The three who were arrested last week and whose names are being withheld for security reason have since been detained for questioning and will be arranged before court after investigations and all trail procedures completed.
The Deputy Minister for Interior, Mr. Agyemang Manu made the disclosure in London when he addressed the leadership and members of the UK and Ireland branch of the New Patriotic Party.
The meeting was part of the branch’s periodic meetings with Ghana government officials to brief them on government policies and programmes and how the members could fit in to provide support to the government.
He said the government was in control of the security situation in the country and has also ensured that the drug situation does not in any way jeopardise the plans and security of the people of the country.
Mr.
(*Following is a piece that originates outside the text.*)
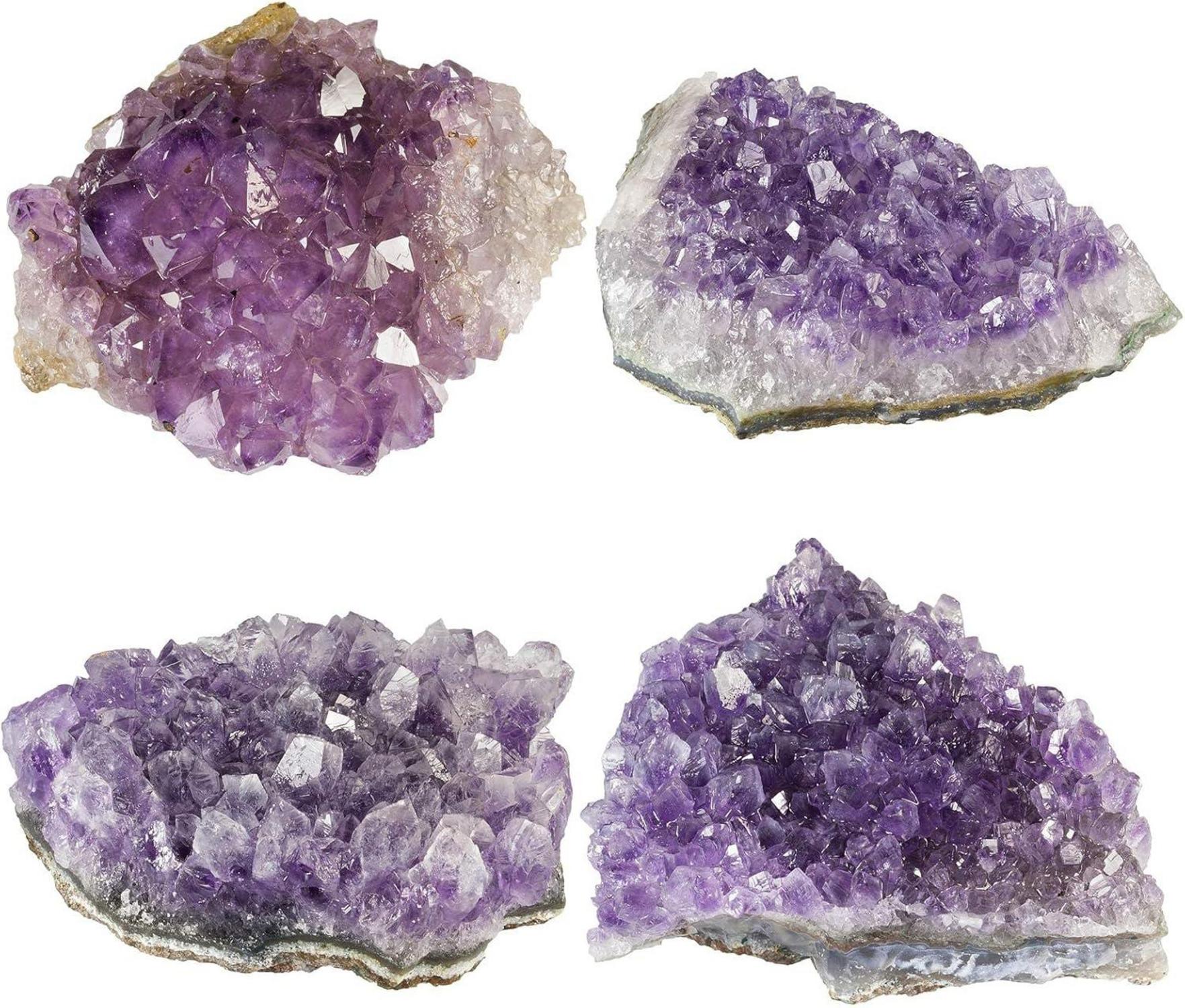 Natürlicher Amethyst Druse Kristall Cluster Reiki Heilstein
Manu noted that the NPP government has done more than any other government in the country, in terms of drug control and re-iterating that the recent cocaine issues was unfortunately blown out of proportion with the opposition taking undue advantage of it to paint a very negative image about the government and THE NPP.
The deputy minister observed that if the government had not taken the matter seriously, as was not done in the previous era, the issues could not have reached the dimension it reached. ‘It was all due to the fact that our government is truly a transparent one.’ He noted.
He said the cocaine issue is not as bad as the opposition would want the world to believe. The problem according to the deputy minister, ‘is that they are painting wrong picture of Ghana to the world.’
He said the government would do its part to ensure that the citizenry is safe from drugs and the people who deal in them.
Mr. Manu announced, ‘the government has teamed up with other governments and agencies with the logistics and know-how to find diverse ways to curtail the illegal exportation and importation of all harmful drugs in the country.
To this end, the deputy minister recalled that, currently officials from the UK customs and excise are assisting their counterparts in Accra to install facilities at the Kotoka International Airport to check the illegal movement of drugs by dealers.
He hinted that the plan was not only to check the movement of such dangerous drugs into and from the country, but more importantly to put in measures to ensure demand reduction.
Mr. Manu also touched on other programmes by the government such as the youth employment, capitation grant, the GETFund among others and noted that they are all aimed at improving the lives of the people.
He also expressed the optimism that the good people of Ghana would look at these and retain the party in power for the continuation of such good works.
He therefore called on the members to also work hard to support the party from the diaspora to retain power in 2008 election.
‘If we are able to sustain what we have done, by next two years, we may have a landslide victory in the elections’ the deputy minister noted.